INFORMATION:
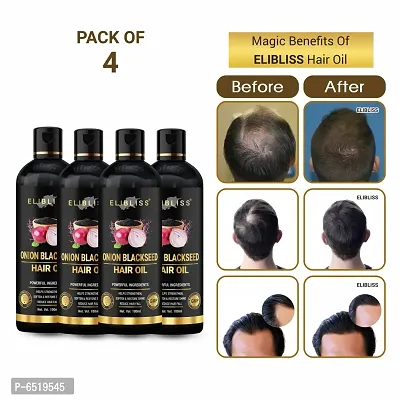 Elibliss Onion Black Seed Hair Oil For Hair Fall Controls And Hair Growth, No Mineral Oil, Silicones, Cooking Oil and Synthetic Fragrance Hair Oil Pack Of 4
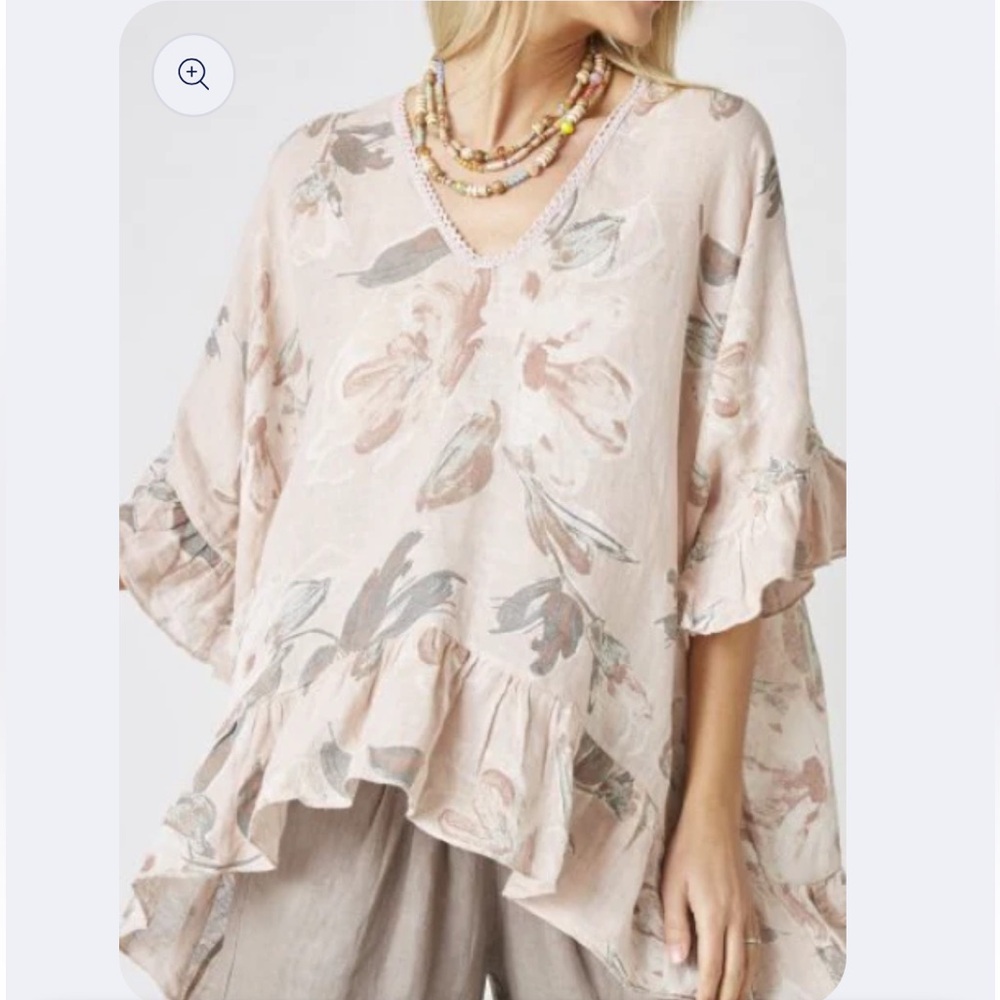 ANGELA MARA Linen Floral Ruffle Hem Top Size Medium
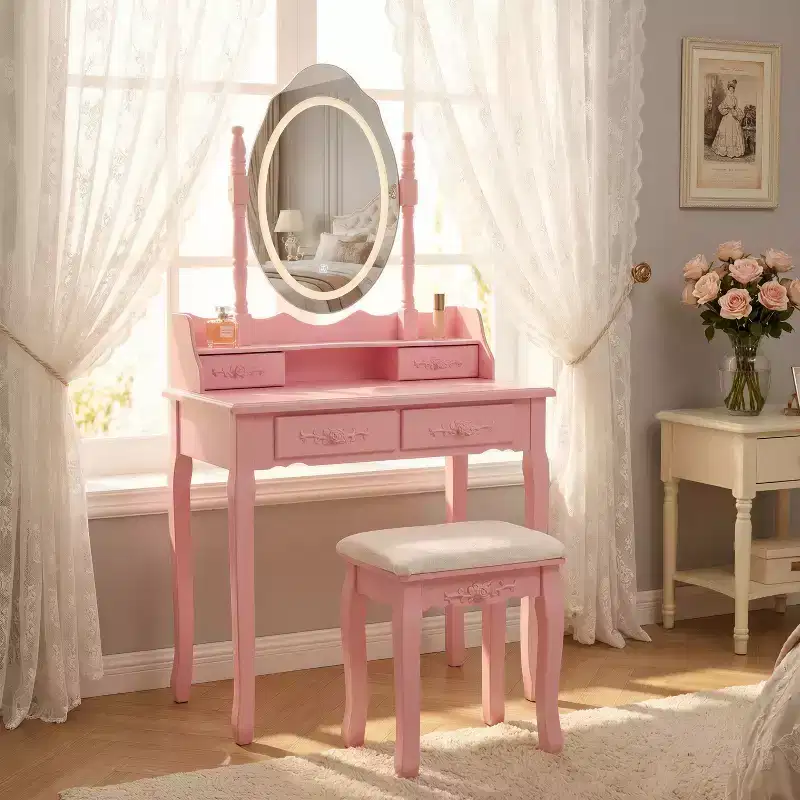 Modern Makeup Vanity Desk with Mirror and Lights, 4 Drawers, Matching Stool for Girls' Rooms, Pink Finish, Dimmable Lighting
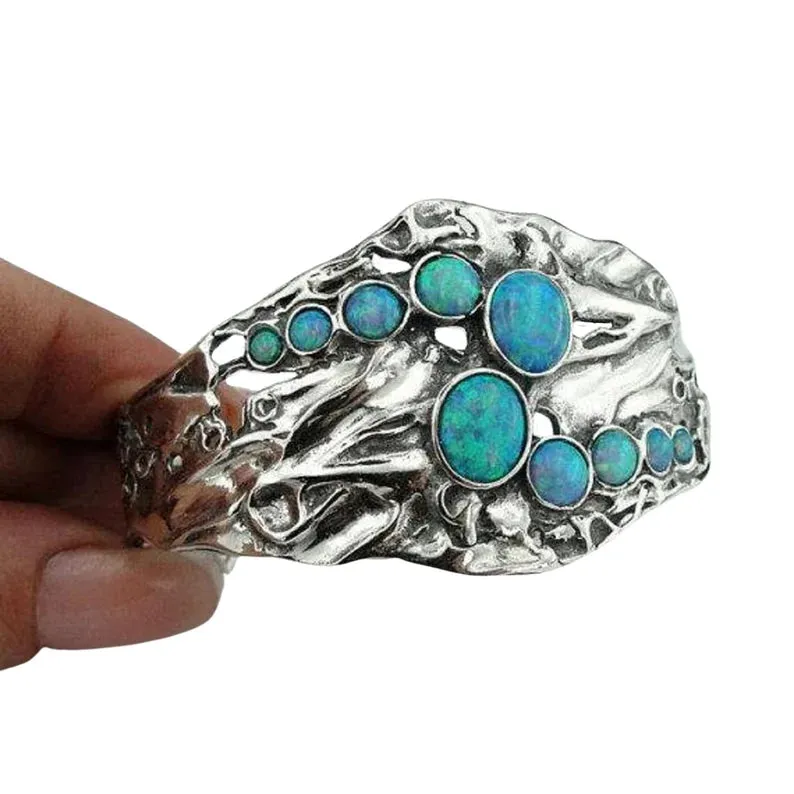 Solid Wide Sterling Silver Blue Opal Cuff Bracelet Made in Israel Fine Israeli Jewelry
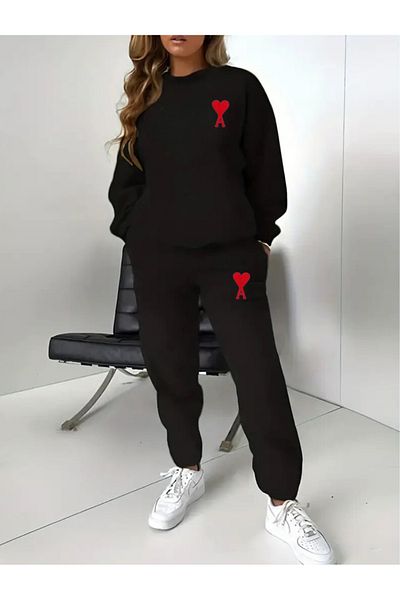 YOHO SPORT Σετ βαμβακερής φόρμας Heart Printed - Σετ χειμωνιάτικο φούτερ και παντελόνι Unisex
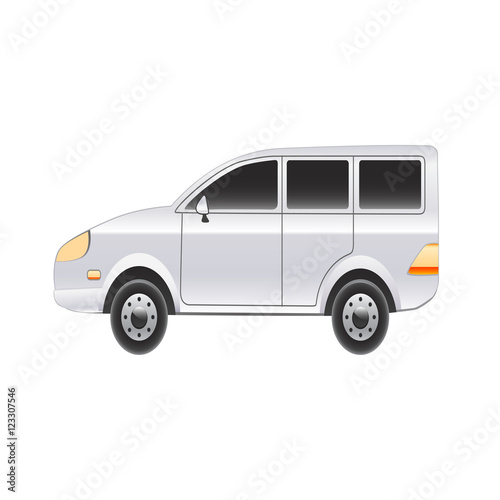 Family car on a white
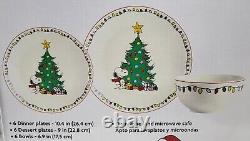 Peanuts Holiday Christmas Dinnerware Set. Snoopy & Woodstock With Christmas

GOAL OF THE EXERCISE: Nothing but the lines from the one containing "Modern Makeup Vanity" through the one containing "Solid Wide Sterling" should appear, copied exactly from the material above and without pictures.

YOUR RESPONSE:
 Modern Makeup Vanity Desk with Mirror and Lights, 4 Drawers, Matching Stool for Girls' Rooms, Pink Finish, Dimmable Lighting
 Solid Wide Sterling Silver Blue Opal Cuff Bracelet Made in Israel Fine Israeli Jewelry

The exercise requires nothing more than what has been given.